Unfortunately, a phishing attack against a credit union is nothing to admire. However, the speed and efficiency of the response to one such attack by Arizona State Savings & Credit Union is.
The Arizona State Savings & Credit Union (ASSCU) branch at the University of Arizona was alerted to the problem when students walked into the credit union and reported a suspicious e-mail had been sent to them. Someone had accessed 9,000 state university e-mail addresses and sent a phony message asking for information, according to ASSCU SVP of Planning and Strategic Services Jill Bechard. Bechard said the e-mail asked for the member's name, account number and a credit card number, but not for a social security number.
"In the email, was a replica of our website," Bechard said.
In response to previous suspicious incidents, ASSCU staff enacted a step-by-step plan. In only four hours ASSCU quickly shut down nine student accounts, took down its own website, alerted two other state universities to the problem, called the FBI and Secret Service, alerted the media, contacted CUNA and sent e-mail notifications to each of its 42,000 members who are online users.
Bechard said the Secret Service traced the offending website and had its internet service provider (ISP) shut the site down. "They closed the site down immediately," she said.
ASSCU's plan is designed to quickly assess what has happened, then form a team of department managers and vice presidents to counteract the problem and then determine how everyone, from the top, to frontline tellers and members, will be informed.
"Right away we get the CEO involved," she said.
The credit union's website was returned online after three hours of downtime, she said. Bechard said credit unions should also consider how a system breach will be perceived by the public after different organizations start issuing their own press releases.
Listed below is a summary of ASSCU's established plans for any "large-scale event that would pose a risk to the integrity of our internal systems, image or membership of the credit union."
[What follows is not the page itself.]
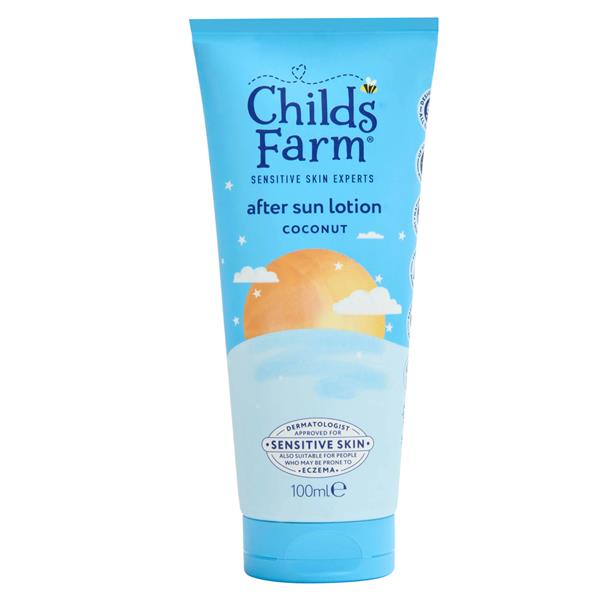 Childs Farm Aftersun Lotion Coconut 100ml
*Electronic Systems Compromise-obtain and document all factual information. This section also includes emergency situations (crime or life threatening event) how to react to media, law enforcement or medical services inquiries.
*Reporting Responsibilities-contact your supervisor and senior management immediately (this step will be different for any credit union but would include each department vice presidents).
*Notification of the CEO-information provided to VPs should be relayed to CEO for consultation.
*Management Strategy Meeting-gather or teleconference with all affected executives and managers to develop action plan.
After the strategy meeting, senior management communication begins communicating with:
* Affected branches/departments.
* VP branches and regional AVPs.
* Audit department-request any relevant compliance information for dissemination.
* All associates-include situation after incident, analysis, actions steps, Q & A and talking points for members.
* Volunteers-Board of Directors, supervisory committee and credit committee.
* Legal Counsel-Arizona State Savings and & Credit Union CEO determines whether to contact legal advisor.
* Human Resources-a system breach might involve resource allocation and staff overtime pay.
* Senior management communication to local media and regulatory agencies-this list includes NCUA, your state banking department, ACUL, local media and trade publications such as The Credit Union Journal.
* Follow Up Communication-Board, associates, etc.